··· Source material ···

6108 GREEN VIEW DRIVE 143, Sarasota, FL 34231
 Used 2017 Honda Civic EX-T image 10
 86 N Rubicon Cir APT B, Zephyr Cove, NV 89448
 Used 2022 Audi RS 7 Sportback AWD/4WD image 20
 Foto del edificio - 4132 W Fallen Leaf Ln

···
··· Source material ···

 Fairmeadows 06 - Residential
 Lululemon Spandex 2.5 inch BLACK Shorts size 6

···

■ **Work to be completed**: Could you filter the material above and copy each line that holds the word "image"?

■ **Solution**:
 Used 2017 Honda Civic EX-T image 10
 Used 2022 Audi RS 7 Sportback AWD/4WD image 20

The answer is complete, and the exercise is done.